Nearly two months ago, NetApp filed a patent infringement lawsuit against Sun Microsystems concerning the ZFS file system. In the spirit of transparency, NetApp co-founder Dave Hitz offered an explanation in his blog. Sun CEO Jonathan Schwartz responded via his own blog. Thus began what The Register's Ashlee Vance calls "executive spew dot oh" -- a blog war that seems to be the first of its kind. Vance notes:
Lawyers for both sides must feel revulsion, resentment and fear every time one of these loquacious nerds fires up his browser. On the practical front, the executive disclosures seem to have brought us no closer to the truth....
The series of blog posts doesn't do anything more than "mimic" the legal filings one might see in such cases, he says. Even so, it's turning into what he sees as a public relations nightmare for Hitz and NetApp:
NetApp wants to win this case, so it filed the original lawsuit in the IP troll-friendly courts of the Eastern District of Texas.
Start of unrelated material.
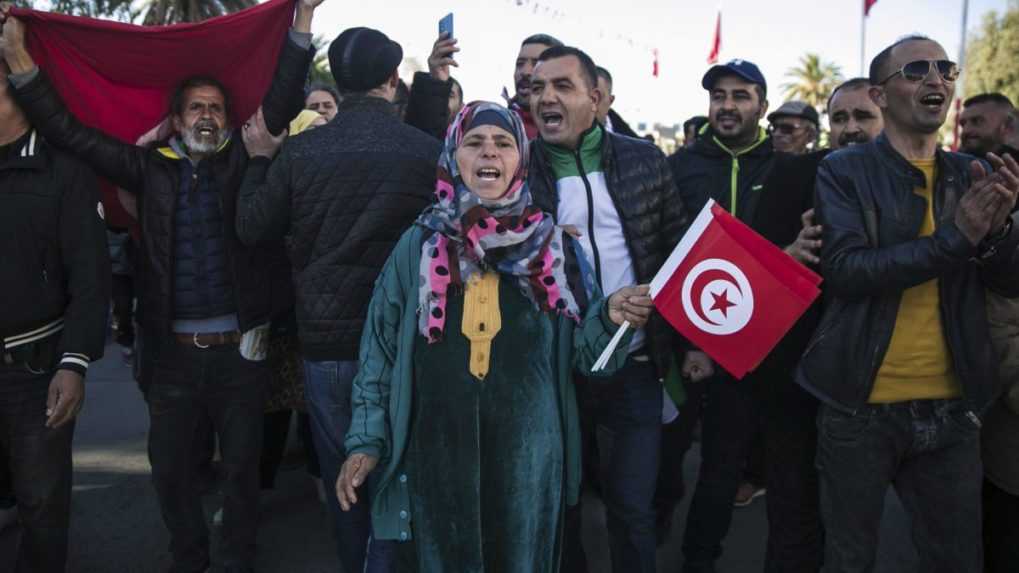V Tunisku prebieha referendum k ústave, ktorá má posilniť právomoci prezidenta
Right away, that puts NetApp's claims in a negative light....Then you have Sun playing the open source card...
But is the open source card relevant to the lawsuit itself, really? In the court of public opinion it certainly is, as Vance points out, because many in the broader open source community oppose the idea of software patents generally. But in the event that the court finds in favor of NetApp, the fact that ZFS has been open sourced wouldn't eliminate NetApp's rights.
I would imagine that NetApp would close the ZFS code just like Nessus closed its code and went proprietary in early 2006. It wouldn't affect the ZFS-based open source projects that are out there and under development up until that point; they just wouldn't have the benefit of any later versions of the system that NetApp released.
It may not be the smartest move given that even Microsoft is giving in to the open source trend, but that's another blog post.